§ Work request
Pictures stay out of the output. Return exactly the lines below from the one with "Modern day photo" down to the one with "Abundance & Prosperity, The Full Bowl", both included, and nothing more.

§ Given records
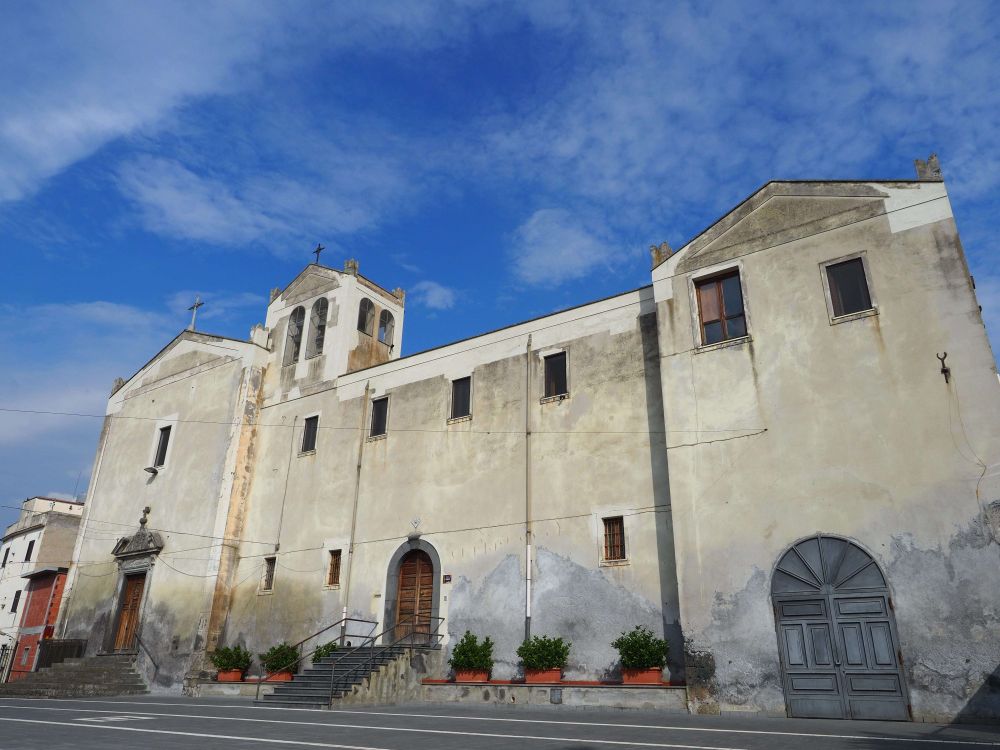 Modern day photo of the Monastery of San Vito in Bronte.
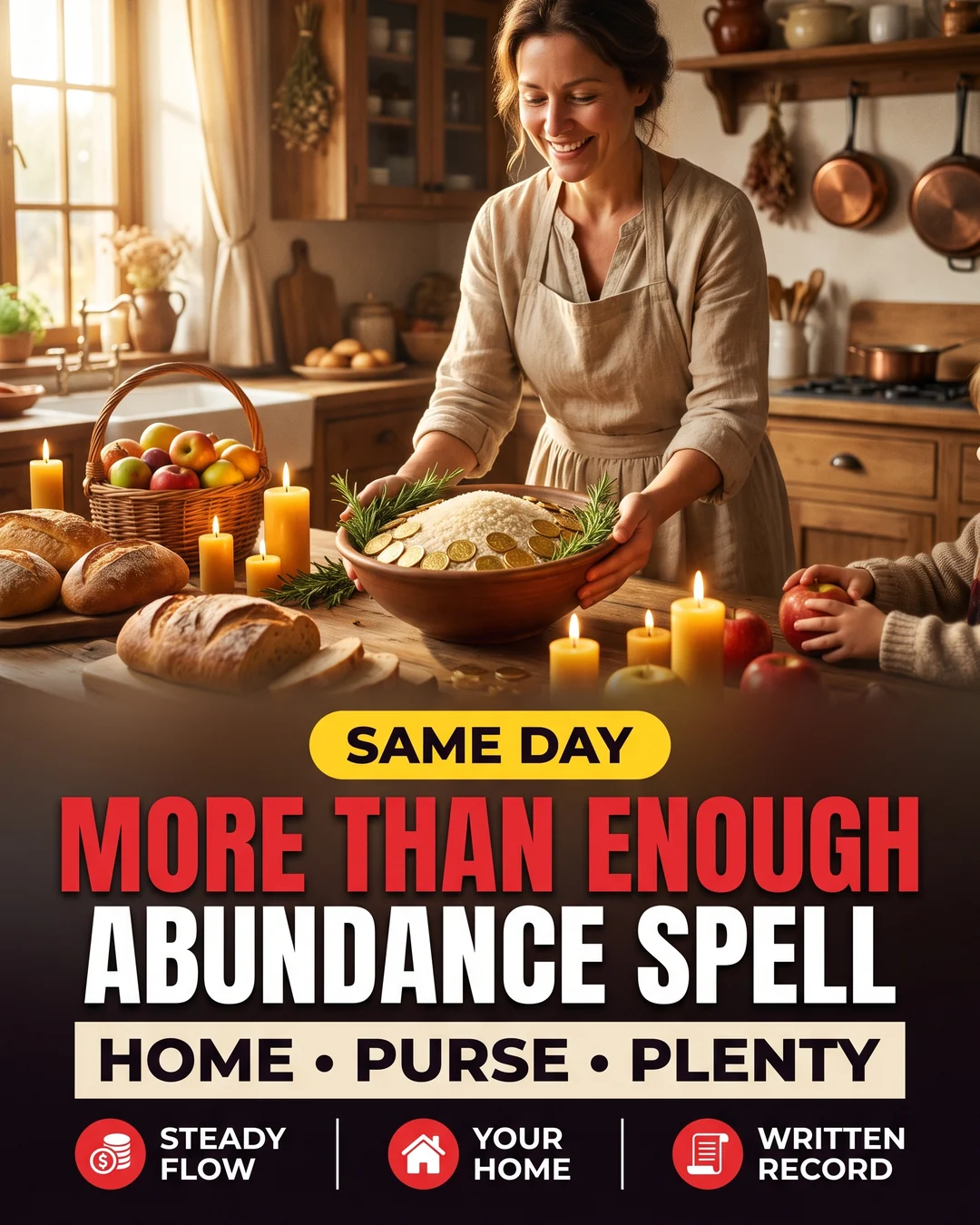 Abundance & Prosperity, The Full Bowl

---

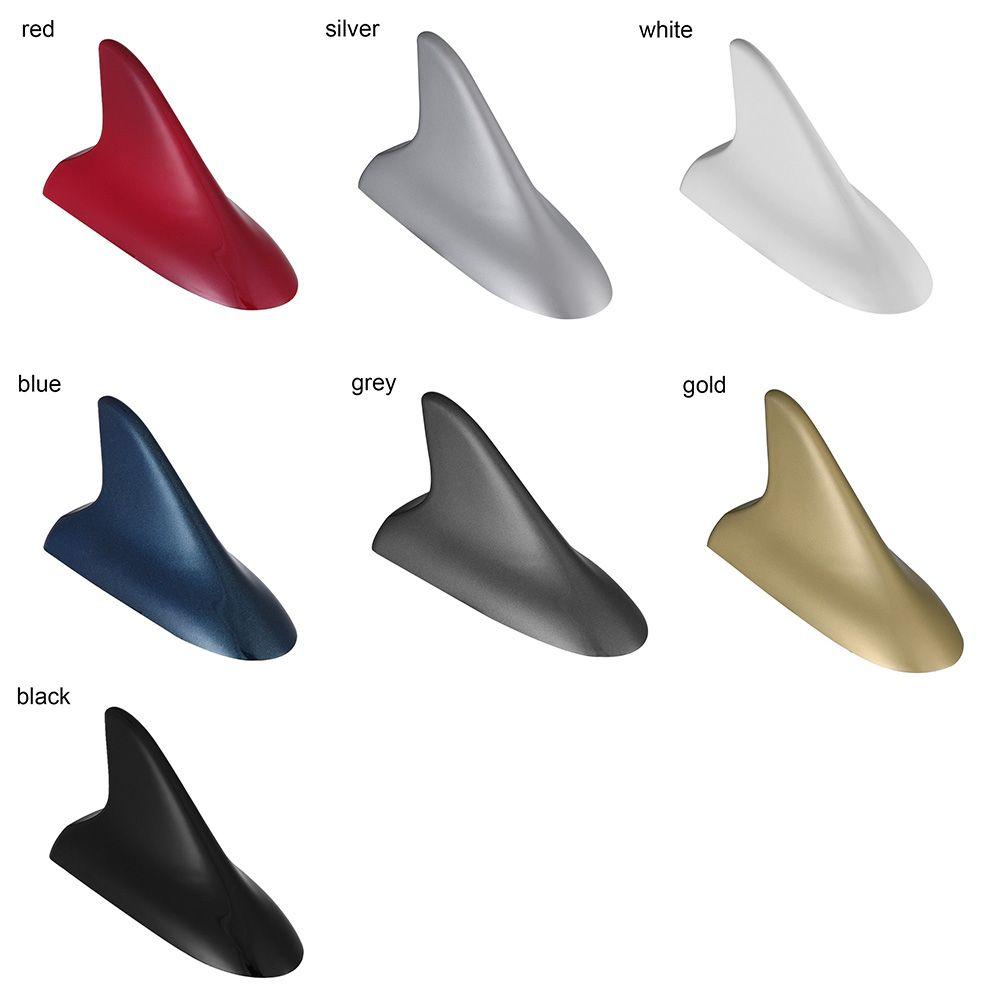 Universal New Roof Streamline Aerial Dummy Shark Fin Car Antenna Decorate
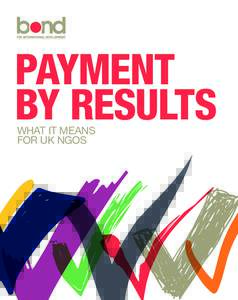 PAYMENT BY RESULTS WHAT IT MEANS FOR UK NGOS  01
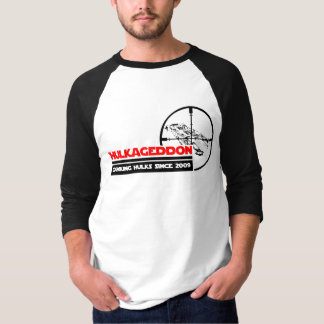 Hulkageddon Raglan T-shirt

§ Reply to the task
 Modern day photo of the Monastery of San Vito in Bronte.
 Abundance & Prosperity, The Full Bowl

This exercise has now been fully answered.